В июне 1910 года Матисс принял решение закрыть свою "Академию". ("Какое облегчение! - признался он другу. - Я относился к ней слишком серьезно".) Преподавание превратилось в тяжелую повинность. Число студентов росло, и слухи о том, что он наживается за счет учеников, множились. Матисс сказал Причарду, что на самом деле большинство студентов скорее нуждаются в "духовной встряске", нежели в его практических советах. Однако это было далеко не так. Его воспитанники сумели усвоить преподанный им изобразительный язык и "заговорить" на нем. Поэтому возвращение на родину выпускников "Академии Матисса" не прошло бесследно для Скандинавии, Соединенных Штатов, Германии и России. Коллекционеры именно этих стран (выходцами из которых в большинстве своем и были матиссовские ученики) еще при жизни Матисса приобрели гораздо больше его работ, нежели соотечественники-французы, англичане и прочие европейцы вместе взятые.

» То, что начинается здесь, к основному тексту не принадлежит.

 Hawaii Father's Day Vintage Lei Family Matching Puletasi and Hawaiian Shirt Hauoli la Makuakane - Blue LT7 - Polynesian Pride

Не считая коротких поездок в гости к Леону Вассо в июне и к Марке в августе, Матисс провел все лето с семьей в Исси, работая над "Танцем" и "Музыкой". У мальчиков был теперь свой сад, где они могли играть (Жан учился в лицее, куда осенью определили и Пьера), а Маргерит дышала воздухом, выздоравливая после второй операции. Сад был замечательный: высокие деревья и кустарники окружали зеленый газон с извилистыми тропинками, которые вели к зарослям сирени; еще были фруктовые деревья, два пруда и оранжерея, где Амели выращивала рассаду. Шедшую к мастерской Анри дорожку окружали клумбы с яркими цветами.

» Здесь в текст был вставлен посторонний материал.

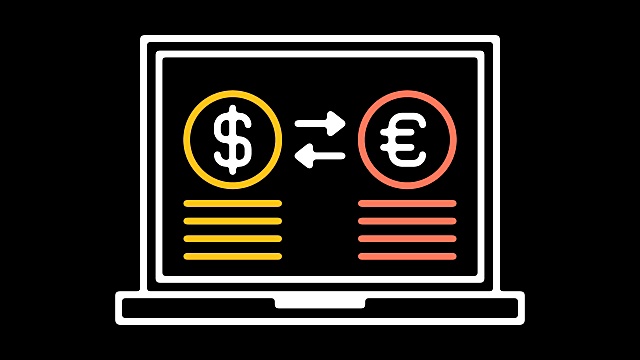 货币兑换线与阿尔法图标动画视频下载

Сад был прекрасен, но вскоре Амели почувствовала себя здесь сельской затворницей. Ей стало не хватать визитов художников с ихженами или подругами, которые прежде составляли круг ее общения. Кроме кухарки и пятнадцатилетней Маргерит в Исси не с кем было сказать и слова. Вместо того чтобы занять центральное место в жизни и работе мужа, Амели реально угрожала опасность потерять его насовсем. Даже если Анри и не уезжал по делам в Париж, то запирался в мастерской, отчаянно пытаясь наверстать отнятые у работы часы. Что же до часто бывавших в Исси "представителей художественного мира", иностранцев по преимуществу, то они относились к жене художника (если вообще замечали ее, учитывая, что Амели иностранными языками не владела) как к невзрачной, ничем не примечательной домохозяйке. Единственной, кто ценил мадам Матисс, была Гертруда Стайн, да и то в основном за ее домовитость. Все шло к тому, что домашняя рутина, которой Амели так страшилась с юных лет, поработит ее.

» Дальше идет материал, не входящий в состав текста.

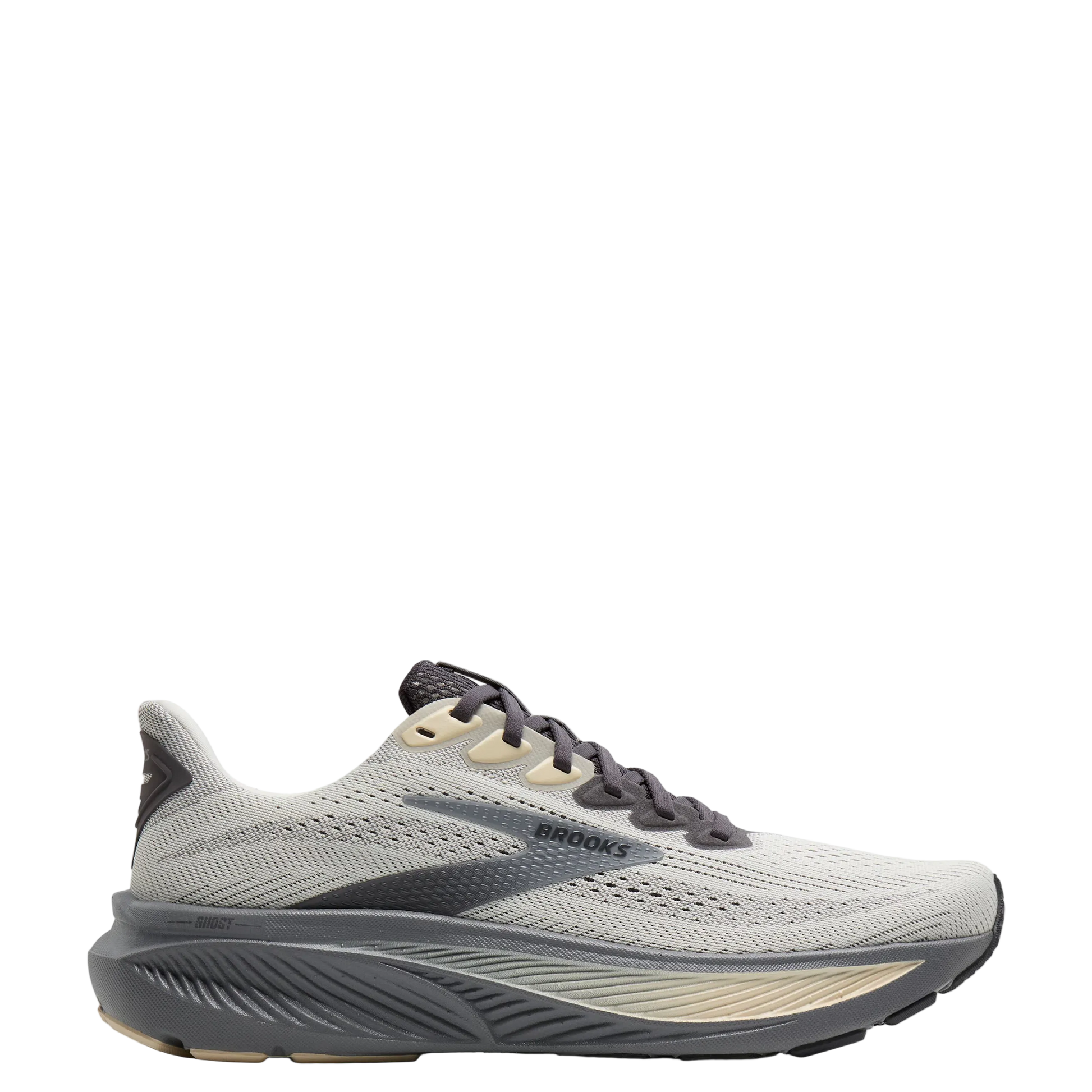 Gray running shoe with black and beige accents on a white background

Почти все, кто посещал тем летом Матисса, покидали Исси в полном недоумении. Английский критик Роджер Фрай и двое его американских коллег были обескуражены и не верили своим глазам: огромные холсты показались им какой-то дурной шуткой. Фрай даже сравнил матиссовские картины с рисунками своей семилетней дочери и опубликовал крайне недоброжелательную статью о "Танце" и "Музыке", которые впервые предстали перед публикой на Осеннем Салоне 1 октября 1910 года. Реакция была убийственной. Перед панно собирались толпы негодующих, выкрикивали оскорбления, как, впрочем, они это регулярно делали на протяжении последних лет. Близкие друзья Матисса не знали, как реагировать, а коллеги-художники чувствовали себя оскорбленными. Рецензии в прессе были настолько отвратительными, что Амели прятала их от Анри.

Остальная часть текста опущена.